3.3. Value Levers and Streams

Whether an organization chooses to use IoT to serve its internal or its external customers, the expenditure can only be considered justifiable if the produced value outweighs the investment that is required [3]. However, the idea of value must be broadened to cover the overall value generated for all stakeholders (such as employees, consumers, investors, and suppliers) in order to conduct a thorough investment appraisal of IoT [133]. Real world visibility and business process deconstruction are the two key ways in which organizations can derive business value from the IoT, according to [36]. The ability of IoT to connect physical and digital words is related to real words being visible. This allows for more effective optimization and better decision making by giving businesses real-time insights on what is happening in the outside world. Business process decomposition refers to the reality that more decentralized business processes are made possible by the dispersed nature of the IoT infrastructure, leading to improved scalability, performance, and creativity [37].
Unfortunately, adding value alone is insufficient. Value is only meaningful in an enterprise environment when it is captured and monetized [134,135] either directly or indirectly (as tangible benefits or intangible benefits). According to research such as [37], the primary forces behind value generation and value capture for traditional and IoT products can be captured (see Figure 3).
IoT solutions, in contrast to conventional products and services, generally generate value for many stakeholders [19,136] as they span organizational boundaries and intimately connect suppliers and consumers in ongoing interactions beyond the moment of sale [38,137]. IoT solutions, for instance, deliver value to both the provider and the user by offering at the same time several benefits. Additionally, the value therefore produced is greater than monetary compensation [138,139]. According to [140], when the IoT promotes ongoing client contacts, it creates a situation where both users and providers are influenced. Nonetheless, the authors of [45] demonstrated in their comprehensive study on the advantages and hazards of IoT adoption in enterprises that the lower acceptance rate of IoT solutions is related to associated risks (e.g., by policies, regulations, challenges, or mistrust). It is crucial to show the consumer the value and possible benefits of the IoT solution in order to mitigate these risks.
In light of this, the authors of [141] recommend that IoT solutions be conceptualized in a way that smart things are viewed as boundary objects that enable dual value creation. First, the user gains from the product’s front-stage usage by generating and capturing value while it is being used, whether through remote control, monitoring, or optimization. The supplier, on the other hand, profits from backstage analytics, such as data aggregation, data analytics, or decision making [141,142]. The vendor of the solution can then create value in the future by creating new and improved offerings based on ongoing client relationships and information learned from backstage analytics [140]. In turn, this raises the value of upcoming procedures, products and services. IoT solutions, sometimes referred to as front-stage value and backstage value, respectively, create value for both customers and enterprises (providers and XaaS). Figure 4 summarizes the main distinctions between the business value perspectives on IT and IoT.
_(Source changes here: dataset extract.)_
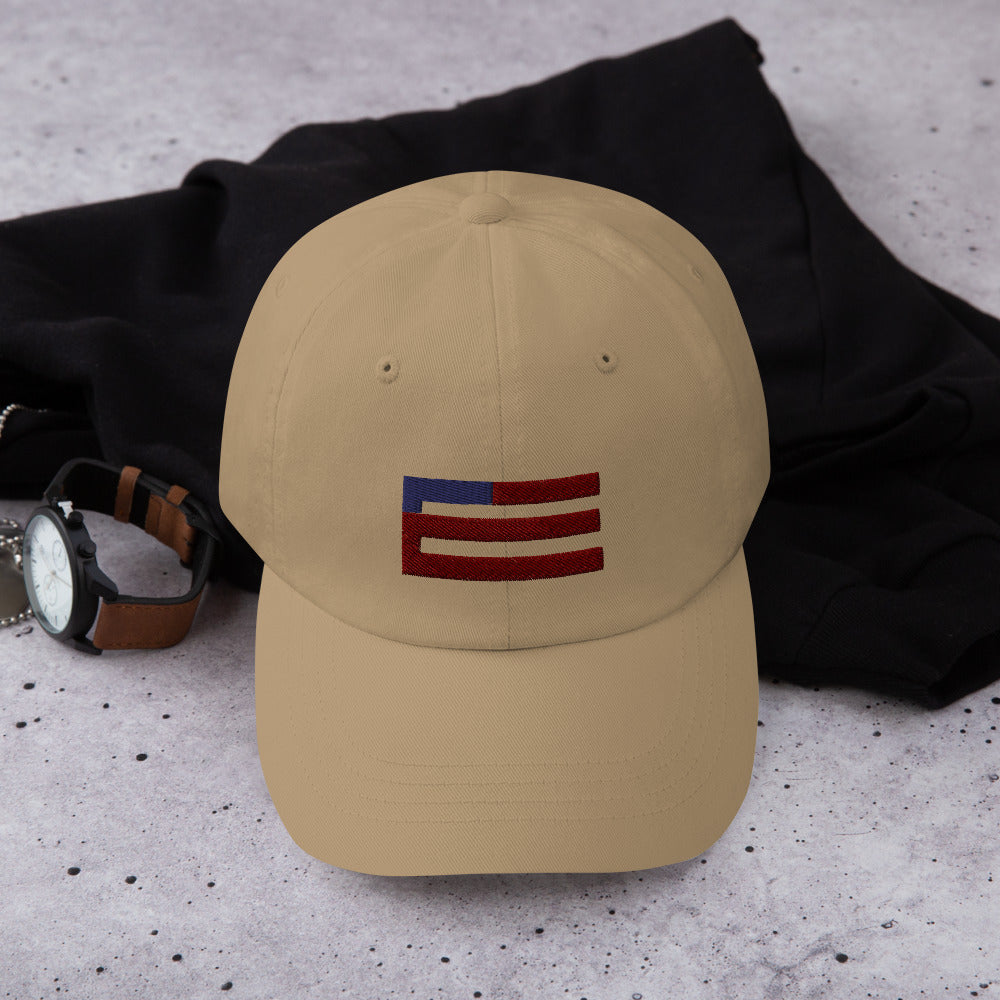 FREEDOMWEAR Dad hat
Faster time-to-market and the availability of data and information undoubtedly influence value development significantly. Valuable IoT solutions decouple the information flow produced by the device from its physical attributes [133] and mix and integrate “thing”-based and IT-based capabilities [37]. As a result, information (data) generates value in and of itself by enabling data-driven service innovation, real-time customer interactions, and improved customer prediction [143]. The functionality of IoT devices that is based on IT undoubtedly contributes the most value, and the point that each device is linked to the network but also to one another enables the introduction of updates and new features “over the air”. This significantly shortens the innovation time to market, which is crucial for physical products with a longer lifespan than software.
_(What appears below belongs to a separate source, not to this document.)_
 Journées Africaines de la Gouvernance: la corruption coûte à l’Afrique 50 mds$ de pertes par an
IoT technologies also make it possible to build digital platforms where a variety of actors can profit from the astronomical amount of data that linked devices generate. The value of information is not limited in any way. Quite the opposite, it worsens as more of these technologies are utilized in daily life. IoT is the ideal platform for fostering inter-organizational partnerships and innovation, as well as for utilizing network effects that would eventually benefit all stakeholders due to the abundance of information available there [38]. Additionally, the IoT enables businesses to switch from unit-based revenue streams to value-based pricing, which is more adaptable and is based on the value of the service and the information offered to the end user [144]. This, however, suggests that the provider of the service can quantify the value considerations connected to particular services and offer clients a visible and understandable value proposition.
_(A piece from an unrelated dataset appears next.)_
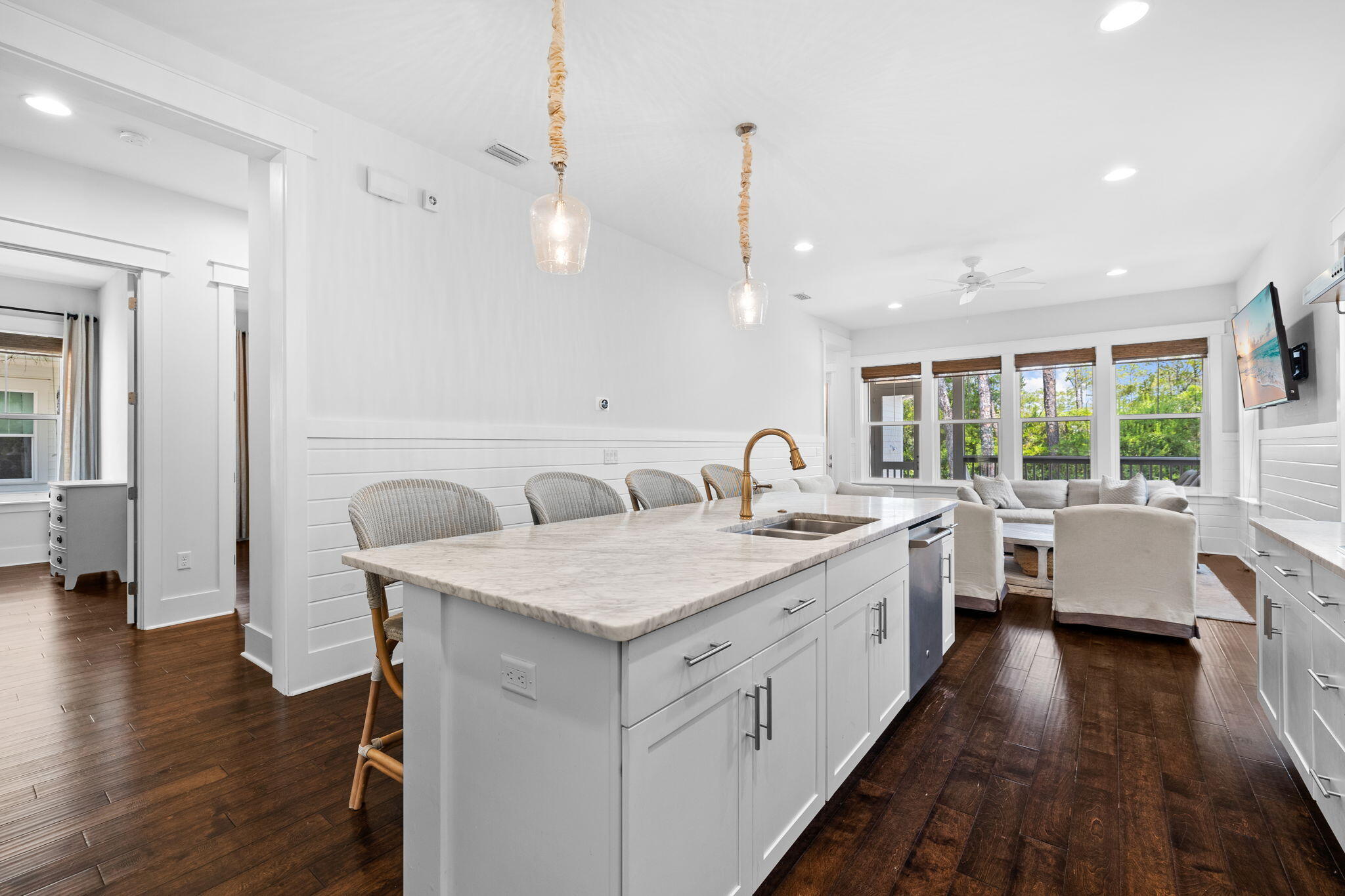 NATUREWALK AT SEAGROVE - Residential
Eventually, the organization should be able to build a competitive advantage on the back of its IoT investments. This is not as easy as it seems to be in the IoT environment, success resides on the precipice between internal information management and open innovation and collaboration [145]. When the technology and competitive scene is constantly changing, this becomes even more difficult. The authors of [146] contend that organizations should enhance their capacity for integrating, constructing, and reconfiguring internal and external competencies in order to adapt to settings that change quickly. Potential configurations, meanwhile, depend on the particular context that an organization operates in [144]. Given that the effects of technology investments go much beyond the technical aspects of the business model, it is recommended that managers should establish and evaluate their own strategic approach to IoT.
To sum up all of the above, we provide a conceptual model that describes all the foretold relationships. Figure 5 gives a graphic overview of our methodology for value mapping in the IoT, which was modified based on the earlier sections of pertinent literature. This framework was created expressly to assist managers in determining the value of complicated IoT investments while also taking into account edge–fog computing in the foreseen relationship.

4. Conclusions

This article sought to investigate the role that edge and fog computing plays as a driver and enabler of an organization’s IoT-driven business value. We conducted a systematic literature review using a particular technique that has been widely utilized in the past to investigate information systems strategy and subjects related to digital transformation. According to our research, technical advancements in a firm’s surroundings frequently compel it to make technological changes, which amounts to a digital transformation. The ability of the organization to interact with its environment and adhere to new regulatory frameworks is no longer a choice, it is an urgent necessity. At the same time, edge and fog computing have been emphasized as significant enablers for the creation of new business value through IoT capabilities. In light of their usage frequency, particular challenges, resolutions, levers, and streams can be identified. Anyhow, implemented IoT solutions combined with edge–fog computing unlock new paths of value creation that must be studied from various complex perspectives to be able to offer businesses a substantial competitive advantage.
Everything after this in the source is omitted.